AIM OF THE TASK: Restate, word for word, the run of lines that starts at the line containing "X0000051240387200507011632" and ends with the final line of the listing. Leave pictures out.

INPUT DATA:
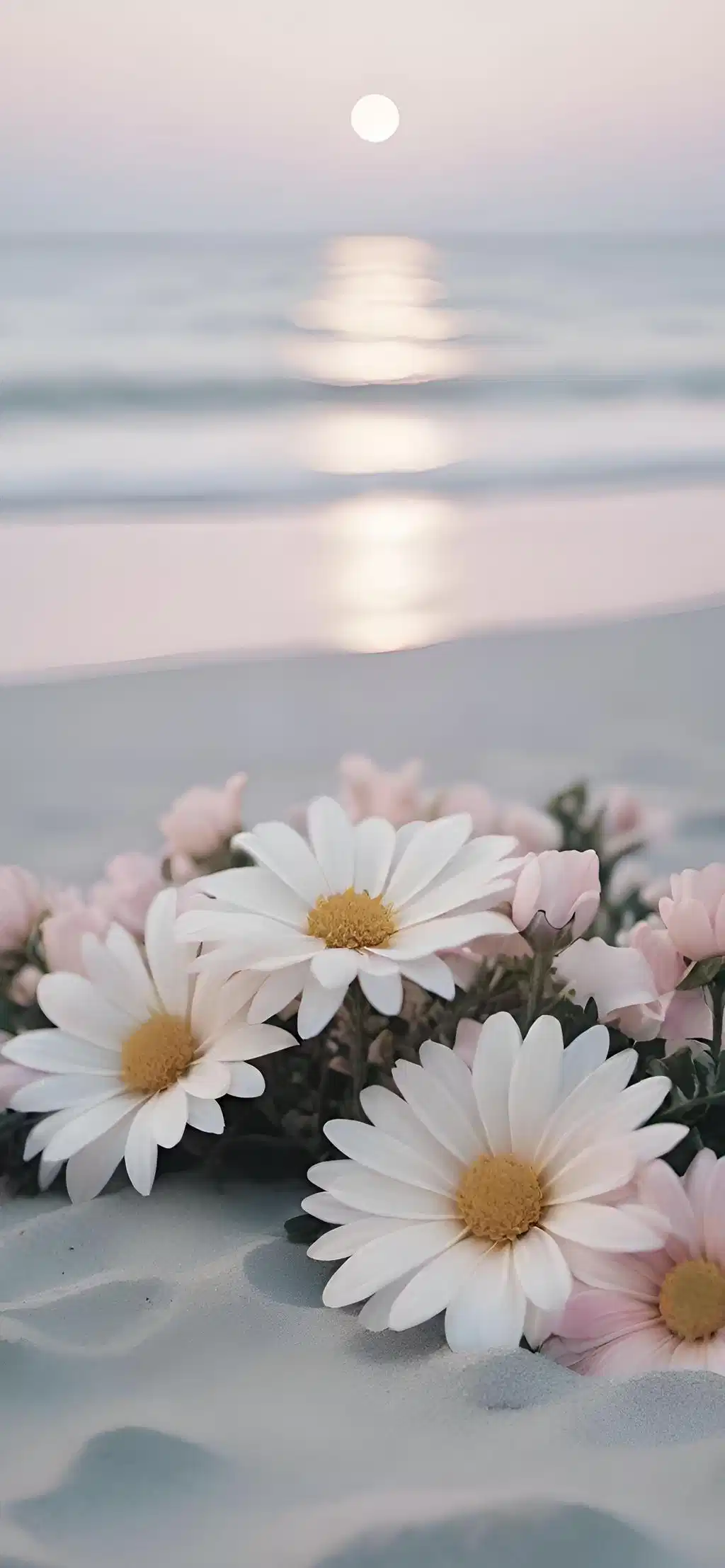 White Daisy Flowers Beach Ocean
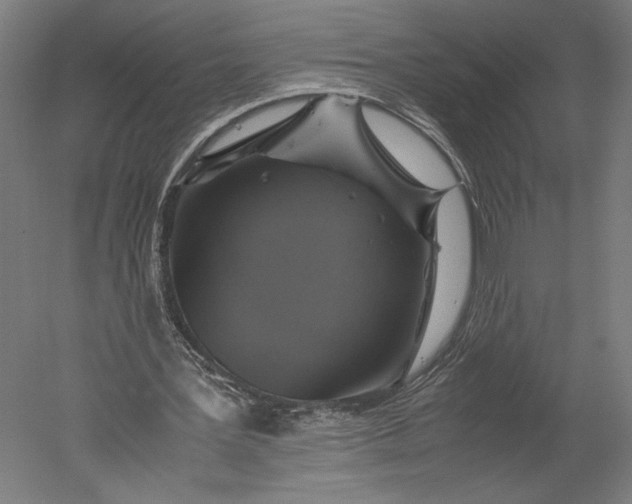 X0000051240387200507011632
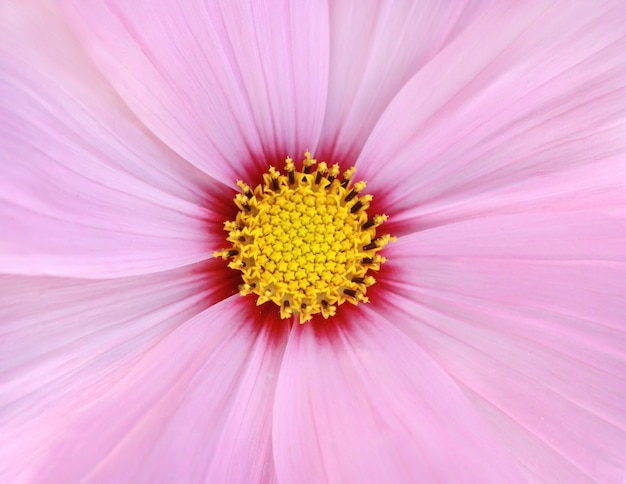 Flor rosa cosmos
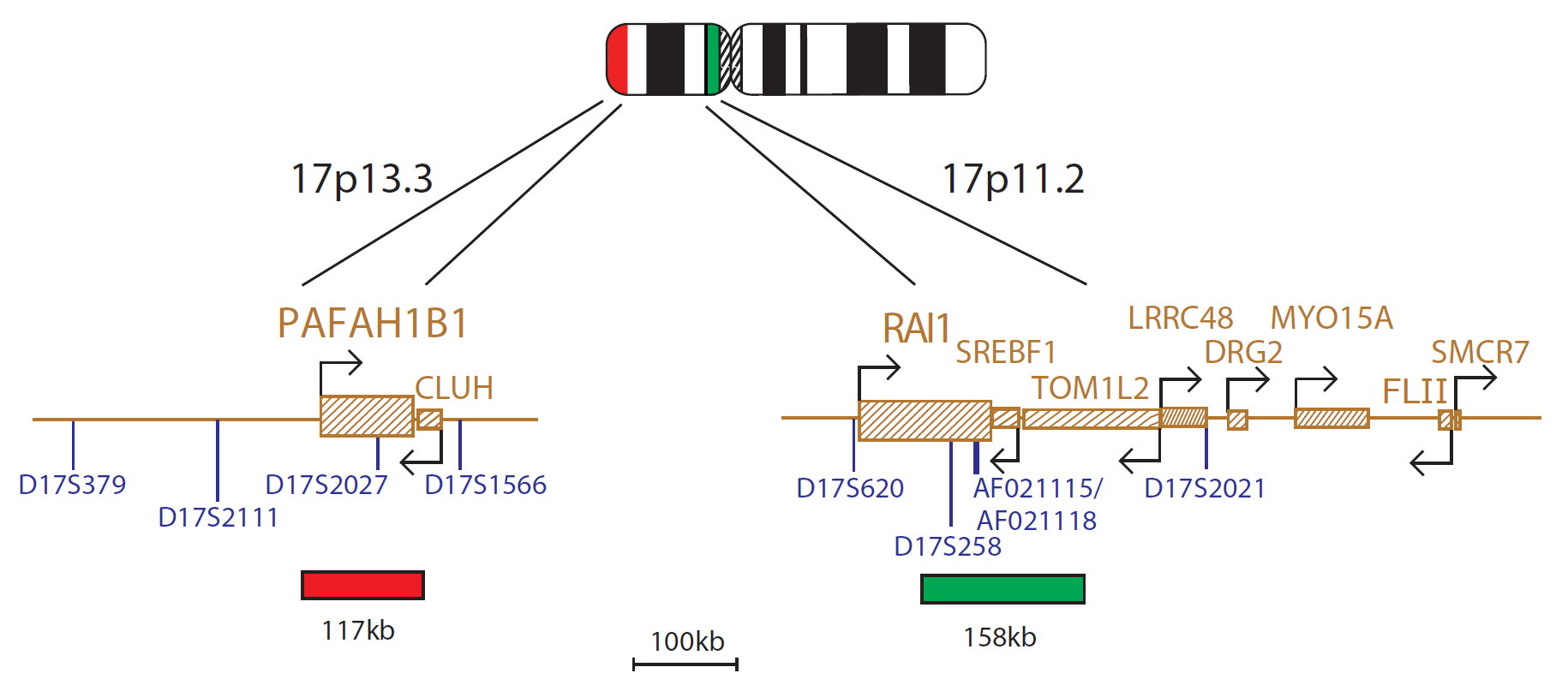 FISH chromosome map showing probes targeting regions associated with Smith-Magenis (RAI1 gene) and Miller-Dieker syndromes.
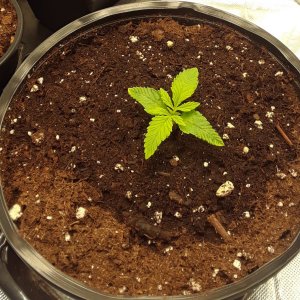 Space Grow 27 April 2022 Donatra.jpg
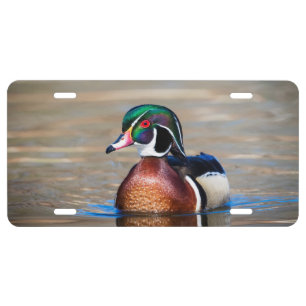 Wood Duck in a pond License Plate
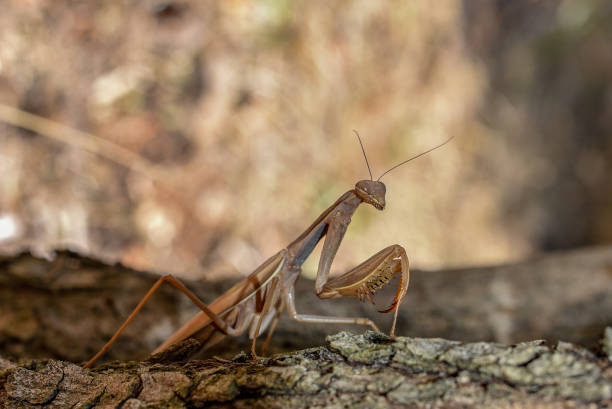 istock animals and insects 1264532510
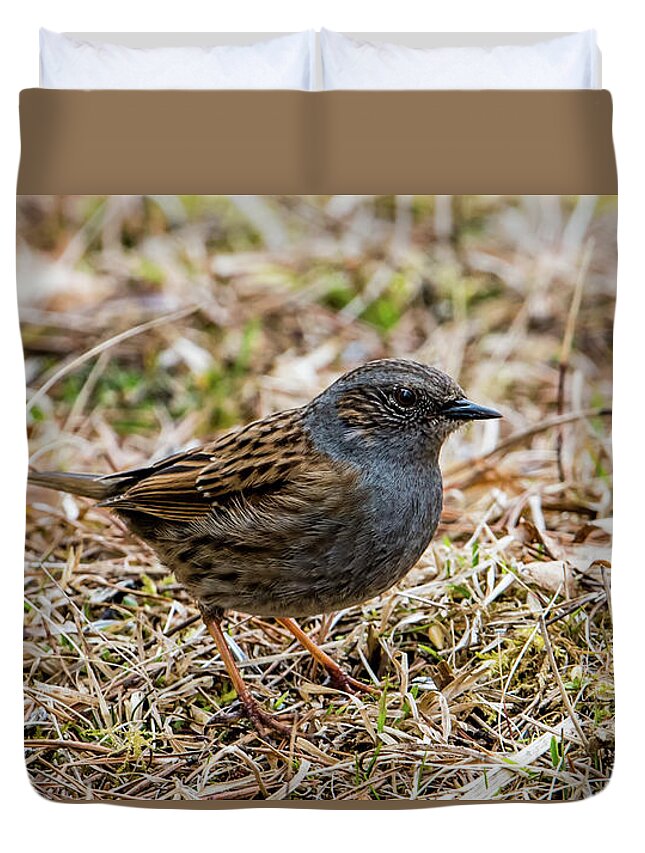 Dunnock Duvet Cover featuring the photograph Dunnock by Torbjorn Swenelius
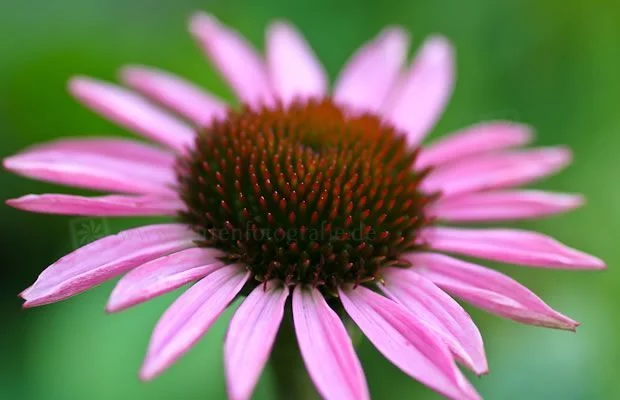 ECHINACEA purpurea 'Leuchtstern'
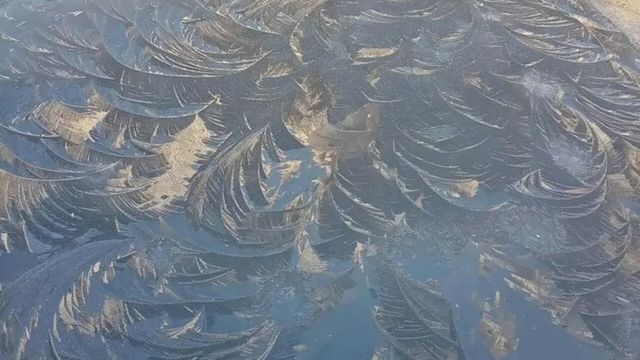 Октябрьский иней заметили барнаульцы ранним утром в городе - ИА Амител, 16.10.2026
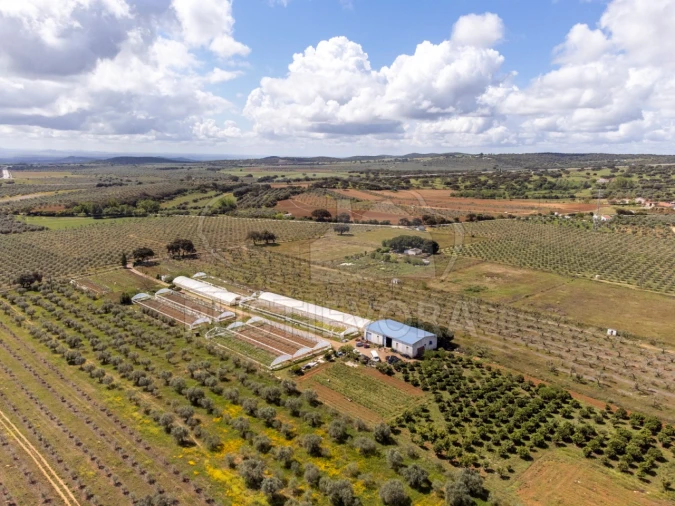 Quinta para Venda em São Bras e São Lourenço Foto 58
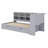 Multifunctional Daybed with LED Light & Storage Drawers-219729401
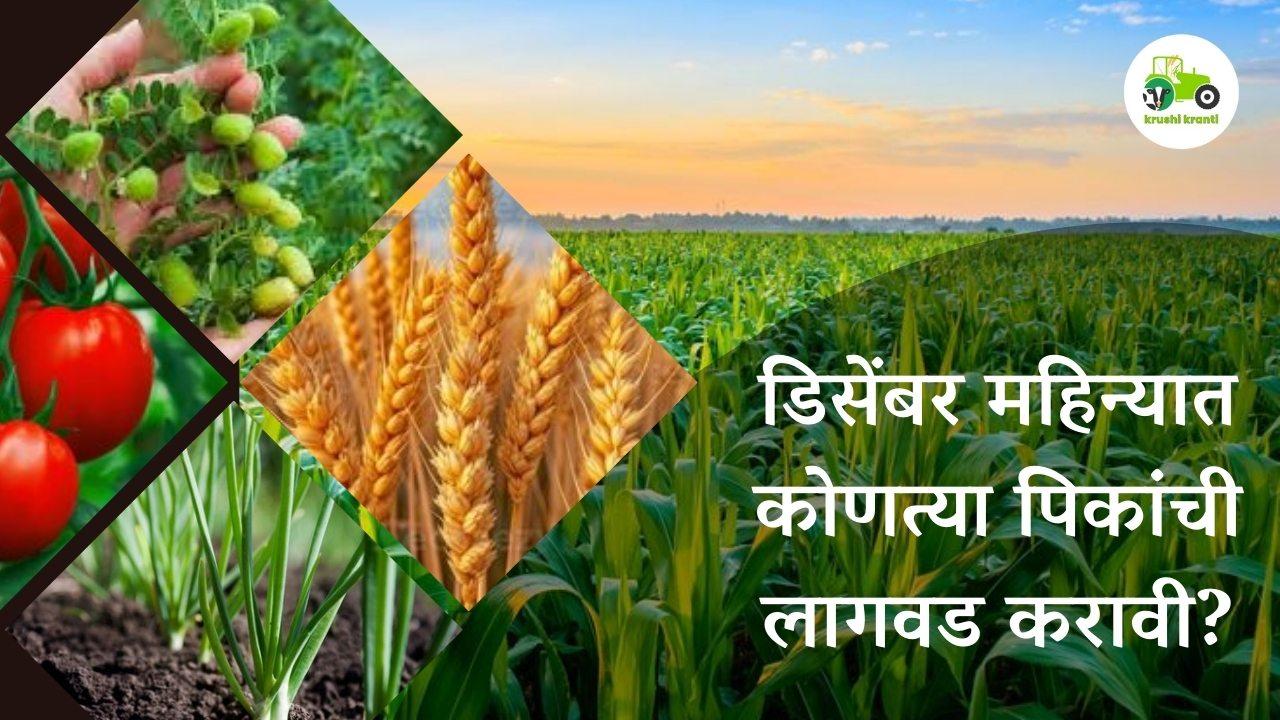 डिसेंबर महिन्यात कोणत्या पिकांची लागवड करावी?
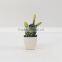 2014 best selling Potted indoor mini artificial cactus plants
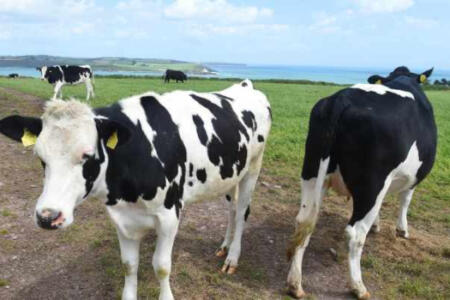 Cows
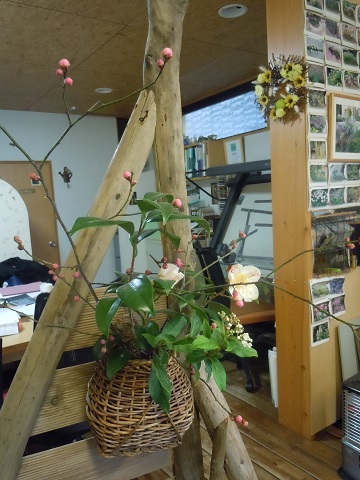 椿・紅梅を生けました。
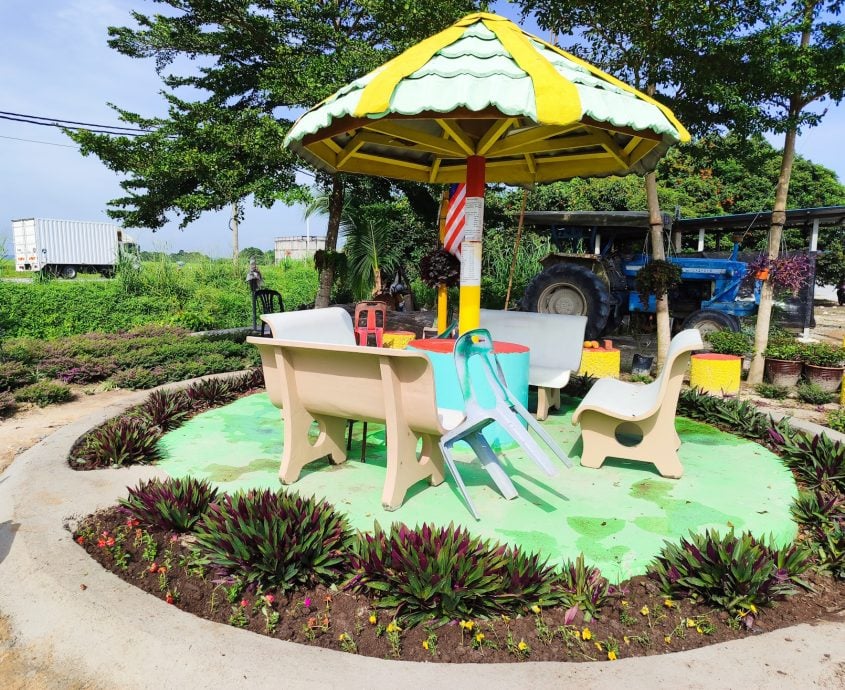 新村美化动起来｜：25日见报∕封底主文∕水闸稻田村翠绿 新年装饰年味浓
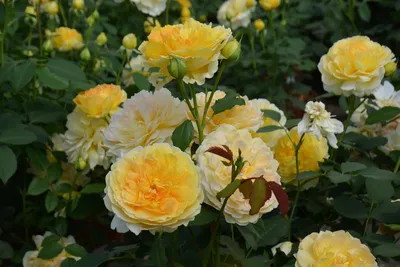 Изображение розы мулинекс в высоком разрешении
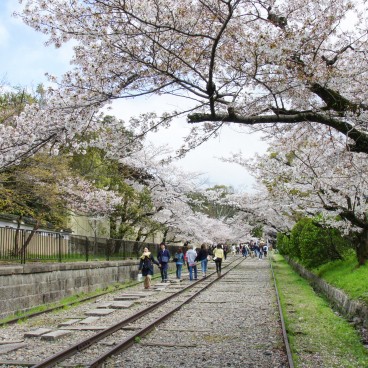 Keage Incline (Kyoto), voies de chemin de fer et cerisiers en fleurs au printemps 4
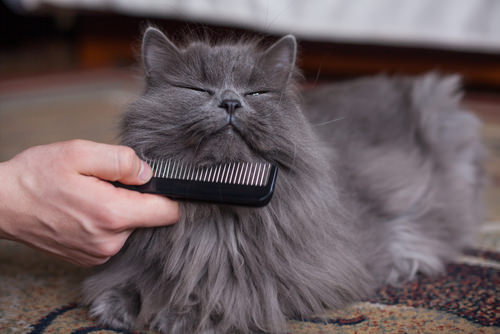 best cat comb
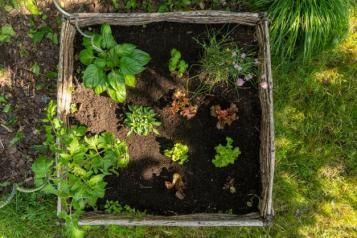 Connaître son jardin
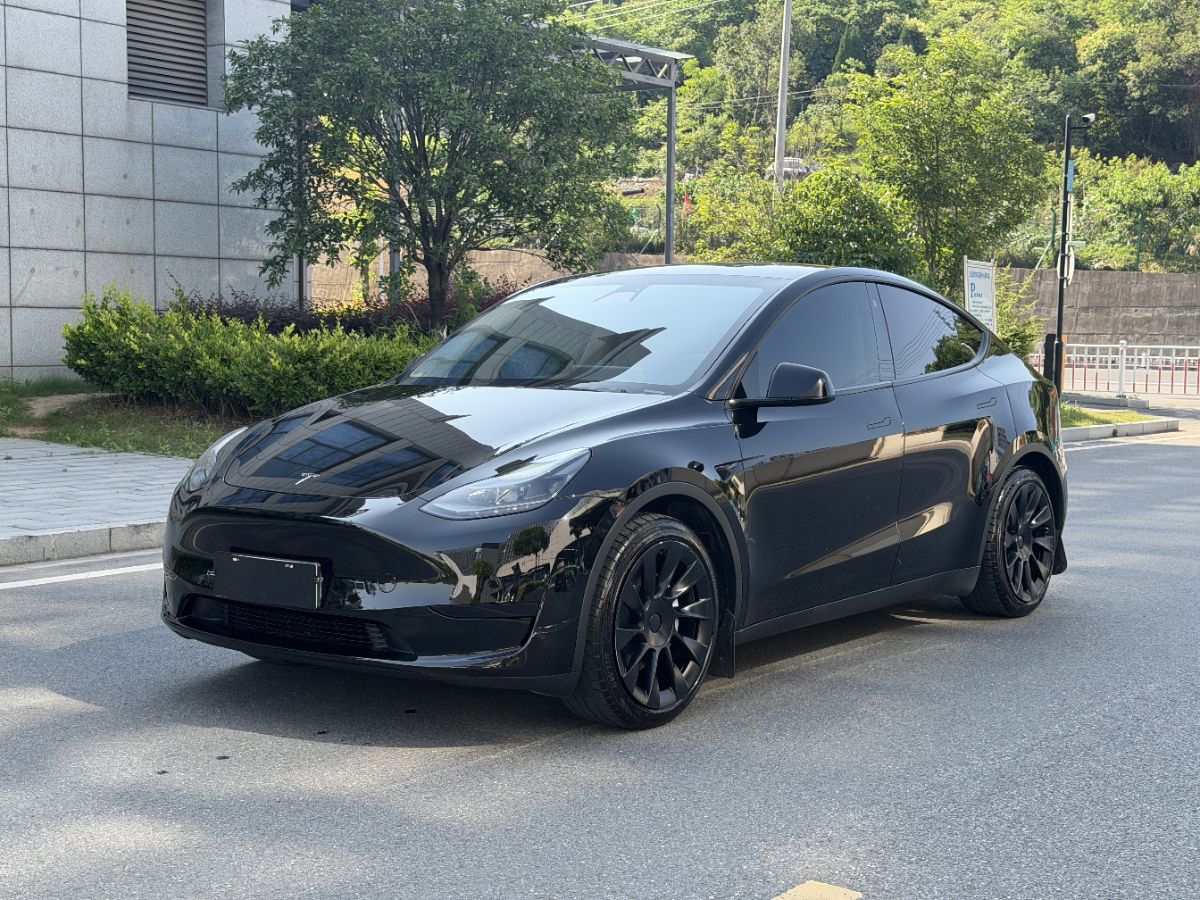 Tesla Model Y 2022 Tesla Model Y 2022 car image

EXERCISE ANSWER:
 X0000051240387200507011632
 Flor rosa cosmos
 FISH chromosome map showing probes targeting regions associated with Smith-Magenis (RAI1 gene) and Miller-Dieker syndromes.
 Space Grow 27 April 2022 Donatra.jpg
 Wood Duck in a pond License Plate
 istock animals and insects 1264532510
 Dunnock Duvet Cover featuring the photograph Dunnock by Torbjorn Swenelius
 ECHINACEA purpurea 'Leuchtstern'
 Октябрьский иней заметили барнаульцы ранним утром в городе - ИА Амител, 16.10.2026
 Quinta para Venda em São Bras e São Lourenço Foto 58
 Multifunctional Daybed with LED Light & Storage Drawers-219729401
 डिसेंबर महिन्यात कोणत्या पिकांची लागवड करावी?
 2014 best selling Potted indoor mini artificial cactus plants
 Cows
 椿・紅梅を生けました。
 新村美化动起来｜：25日见报∕封底主文∕水闸稻田村翠绿 新年装饰年味浓
 Изображение розы мулинекс в высоком разрешении
 Keage Incline (Kyoto), voies de chemin de fer et cerisiers en fleurs au printemps 4
 best cat comb
 Connaître son jardin
 Tesla Model Y 2022 Tesla Model Y 2022 car image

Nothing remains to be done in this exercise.